Mechanically the models are identical and are separated by add-on features only. The drivetrain is a 1.6-litre, 4-cylinder petrol engine mated to a 32kW/170Nm electric motor. The petrol engine has an output of 77kW of power and 147Nm of torque, and Hyundai claims the combined output is 104kW/265Nm. Note that this is not a plug-in hybrid; the hybrid battery is charged up while you are driving or going down a hill, so there is nothing to be done with plugging the car in to charge. Some manufacturers call this a ‘self-charging’ hybrid. The drive battery is 1.56kWh in size.
The transmission is a 6-speed dual-clutch automatic (DCT) transmission, and the Kona Hybrid is front-wheel drive only.
2022 Hyundai Kona Hybrid Standard Equipment Highlights
- ABS braking with Electronic Brake-force Distribution (EBD)

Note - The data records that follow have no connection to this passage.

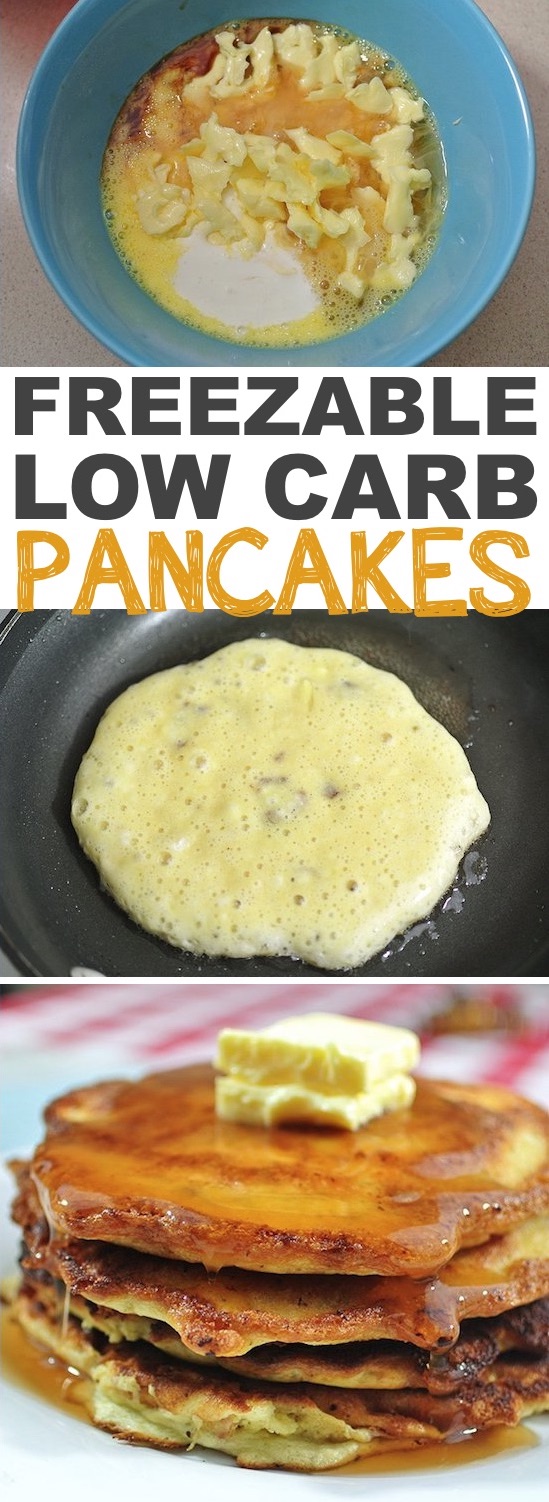 Freezable Low Carb Keto Pancakes | These easy low carb and keto breakfast recipe ideas are perfect to make ahead of time, and simply grab for on the go! Meal prep can be a life saver! Eating healthy has never been so easy with these time-saving tips and tricks. Everything from casseroles to muffins! They're perfect for a ketogenic diet. Listotic.com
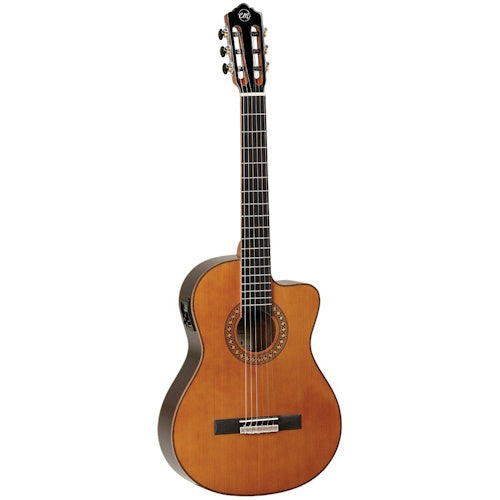 Tanglewood TWEMDC5 Enredo Madera Dominar Solid Cedar Top Classical Guitar Cutaway with Pickup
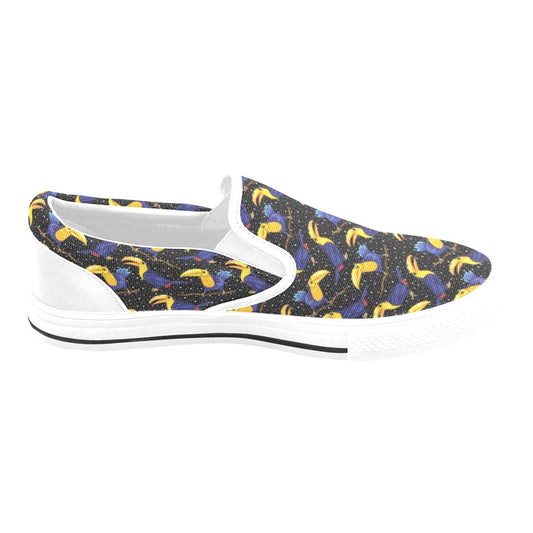 Toucan Print Design LKS307 White Slip Ons Canvas Women's Shoes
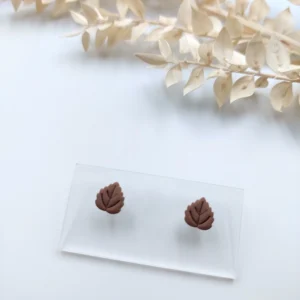 Polymer clay earrings leaf stud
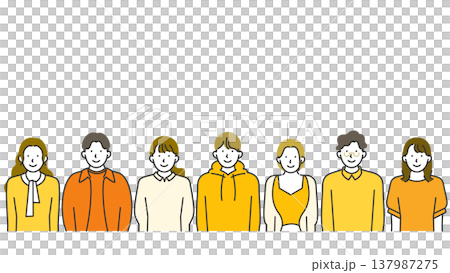 コピースペースあり・GenZ・Z世代の男女集合・笑顔の横型バナー線画イラスト 137987275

- Brake Assist System (BAS)
- Electronic Stability Control (ESC)
- Traction Control System (TCS)
- Vehicle Stability Management (VSM)
- Blind-spot Collision Avoidance assist (BCA)
- Rear Cross-traffic Collision Avoidance assist (RCCA)
- Forward Collision-Avoidance assist (FCA) – car, pedestrian & cyclist
- Lane Keeping Assist (LKA)
- Smart Cruise Control (SCC) with stop & go
- 6 Airbags (Dual Front, Side, Curtain Airbag)
- Front seatbelt pretensioners and load limiters
- 3-point tether child seat anchor points
- 2 x ISOFIX child seat anchor points
- Height adjustable seatbelts (front)
- 3-point lap diagonal (ELR) seatbelts
- Child safety rear door locks
- Automatic dusk sensing headlights
- Rain sensing wiper system
- Rear park assist system
- Reversing camera
- First aid kit
- Electrically adjustable side mirrors
- Electric folding side mirrors
- Heated side mirrors
- LED Daytime Running Lights (DRLs)
- Rear spoiler with high-mounted LED stop light
- Privacy & solar glass
- Mud guards
- Cloth interior trim
- Leather steering wheel and gearshift trim
- Height adjustable passenger seat
- Power windows
- Wireless smartphone charging
- Rear seat 60:40 split folding function
- Rear seatback pockets
- Keyless entry with anti-theft alarm
- Engine immobiliser
- Hyundai Active Locking Operation (HALO) including speed sensing auto door locking
Comfort and Convenience
- 8″ touch screen audio system
- Apple CarPlay & Android Auto compatibility
- 4 speakers and 2 tweeters
- Bluetooth handsfree phone system
- Steering wheel-mounted audio and cruise controls
- Automatic climate control air-conditioning with pollen filter
- Automatic windscreen defog
- Trip computer including distance to empty, average fuel consumption and outside temperature display
- 10.25″ colour full TFT driver display
- Illuminated vanity mirror in driver and front passenger sun visors
Upgrading to the Elite model adds:
- Electro Chromatic rear-view Mirror (ECM)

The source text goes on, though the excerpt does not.